Short Stories for Character, Cont’d
“The Sin Eater” by Margaret Atwood
The narrator talks about her therapist, Joseph. He told her about a Wales tradition where a person known as a Sin Eater would be called to eat a meal over a dead body. This would transfer the dead person’s sins to the eater, thus clearing the person’s way to heaven. When Joseph has an accident, the narrator finds out about his life from his ex-wives and other patients.
“Vengeful Creditor” by Chinua Achebe
The African government is now offering free primary education, causing a lot of servants and low paid workers to return to school. The Emenikes, educated and affluent, are upset when they lose some servants, including their nurse. Things turn around for them when the government suspends the free program due to higher than expected enrollment.
“A Visit of Charity” by Eudora Welty
A teenage girl makes a visit to an Old Ladies’ Home. It is a part of her duties as a Campfire Girl and she will receive points for the visit. She is shown in to a room with two elderly residents. The visit is unnerving.
“Paul’s Case” by Willa Cather
Paul gets suspended from his Pittsburgh High School. His father wants him to be a responsible wage-earning family man when he grows up, but Paul is drawn to a life of wealth and glamour, so he decides to go to New York.
“The Jilting of Granny Weatherall” by Katherine Anne Porter
Doctor Harry checks on Granny Weatherall, a bed-ridden woman of almost eighty. She’s uncooperative and wants him to leave. She thinks about what she’ll do tomorrow. She has to go through her box of letters from George and John. She doesn’t need the children finding them. She thinks about her life, including the time she was left at the altar.
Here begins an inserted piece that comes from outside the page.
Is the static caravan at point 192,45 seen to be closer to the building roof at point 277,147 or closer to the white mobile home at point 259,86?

“Why I Live at the P. O.” by Eudora Welty
The narrator’s sister, Stella-Rondo, is coming back home. She’s separated from her husband, Mr. Whitaker, whom she had stolen from the narrator. She returns with a two-year-old adopted blonde daughter, Shirley-T. The narrator notes that the girl resembles both sides of the family. The sisters, and the family in general, engage in lots of petty arguing.
“In the Zoo” by Jean Stafford
A visit to a zoo reminds two sisters of a childhood friend, an alcoholic with a lot of animals, who gave them a puppy. Their foster mother had a bad effect on the dog.
“Our Friend Judith” by Doris Lessing
Judith is a single, childless, English woman who lives alone. Judith’s friend narrates the story, speaking about her disposition and life, making judgments on her behavior and interpreting her actions. She’s a poet and lives on her own terms. Her friend recounts some incidents that could reveal who Judith really is.
“A&P” by John Updike
Three young women wearing bathing suits enter a grocery store. The manager warns them to be appropriately dressed next time. Sammy, a teenage clerk, doesn’t mind, and imagines who the girls are based on their appearance.
“Miss Brill” by Katherine Mansfield
A middle-aged woman takes a weekly Sunday walk. She likes to observe and listen to people, but she overhears something that upsets her.
I hope you found some great short stories for character.